Nuestra naturaleza – la montaña, el bosque, la dehesa, la nava, la raña… – suena siempre agitada y cigarrera durante el día; y aguda y cáraba en la noche. El campo abierto y libre debe tañer para estar vivo. El silencio indica que el bosque muere por más que acoja el silbo del viento y el agua riegue sus raíces.
Si nos fijamos bien, los bosques de las brujas en la ciencia ficción dan cobijo a pantanos humeantes, monstruos imposibles y sonidos de escalofrío.
Al campo cultivado de frutales, sementeras y huertas lo despiertan cada amanecida los pájaros; docenas de avecillas diferentes por su color, vuelo y tamaño pero, sobre todo, por su canto.
El primero en traspasar su pentagrama por las ventanas a punto de clarear es el petirrojo (o pichorubio también), que pía y salta, que vuela un metro y se anuncia.
Ha relevado en el aviso canoro al cuco madrugador y despertado luego al carbonero, la totovía, el sisón, el jilguero…
A las siete de la mañana de nuestros junios y julios mediterráneos, podemos despertar atendiendo a la sinfonía más mágica imaginable. Ni siquiera la factoría Walt Disney, que contrata al mejor talento del mundo, ha podido capturar el tono delicado y grácil de la alondra.
Cuando el sol levanta y las sombras acobardan hasta hacerse invisibles, los insectos toman el relevo en la inmensidad natural. Miles de bichitos, algunos casi invisibles, comienzan a rozar sus alas o crujir con sus movimientos. Es la hora de la cigarra y el grillo cebollero, el saltamontes que raspa sus apéndices verdes y pardos, y las polillas que convierten sus panzas en acordeones.

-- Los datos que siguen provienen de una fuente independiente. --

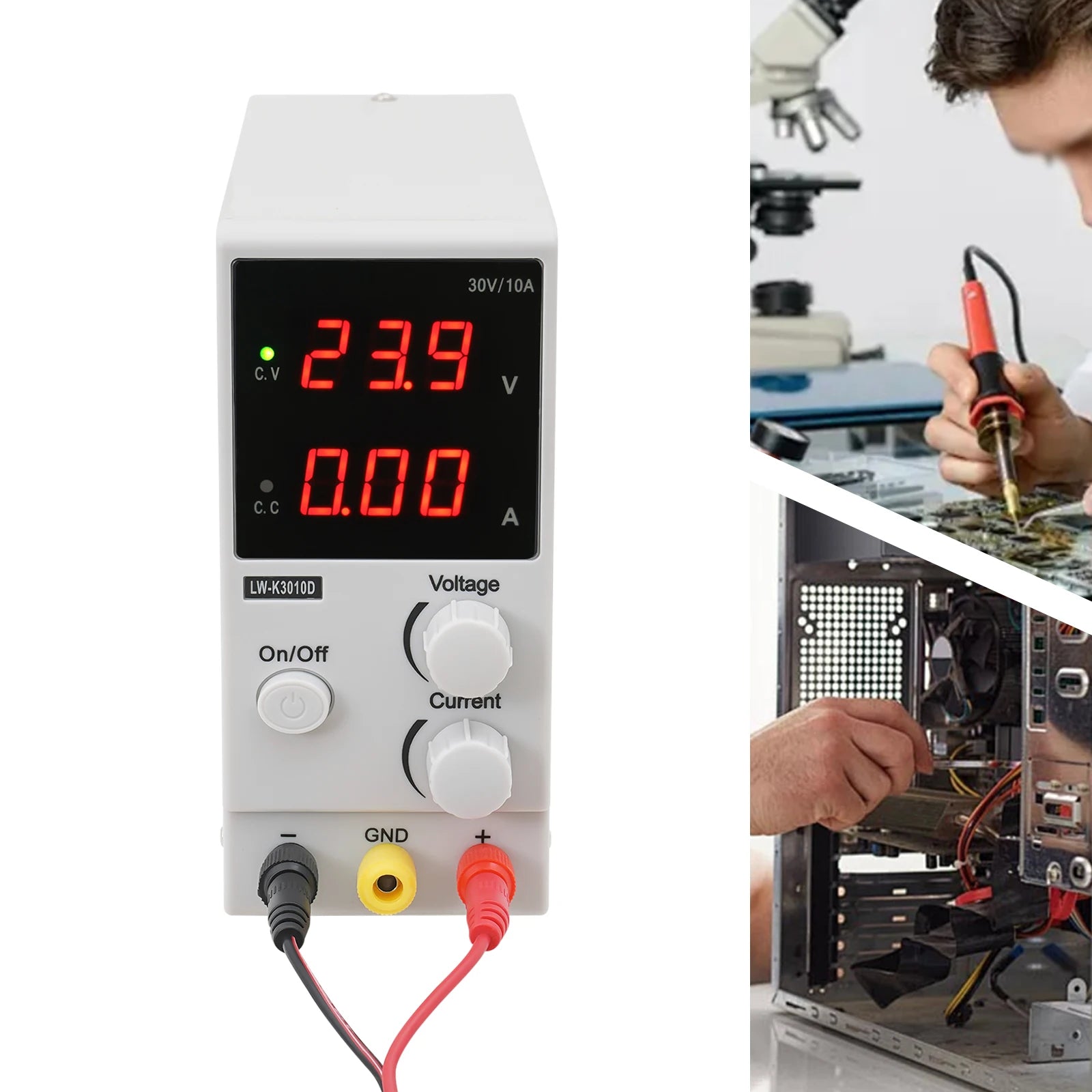 DC Power Supply Silver Corded Electric AC 220V 0–30V 0–10A Regulated Power Supply Laboratory Power Supply for Battery Charging.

Eran decenas de miles, millones, los insectos que se acumulaban en nuestras solanas. Un millón de clases de insectos llegaron a existir cuando el sonido de la naturaleza inspiraba a Beethoven. Ahora nos cuentan los naturalistas que desapareció la mitad. Se nota. El bosque canta menos, gana terreno el silencio y penetran por sus corredores de viento sonidos que le fueron ajenos siempre.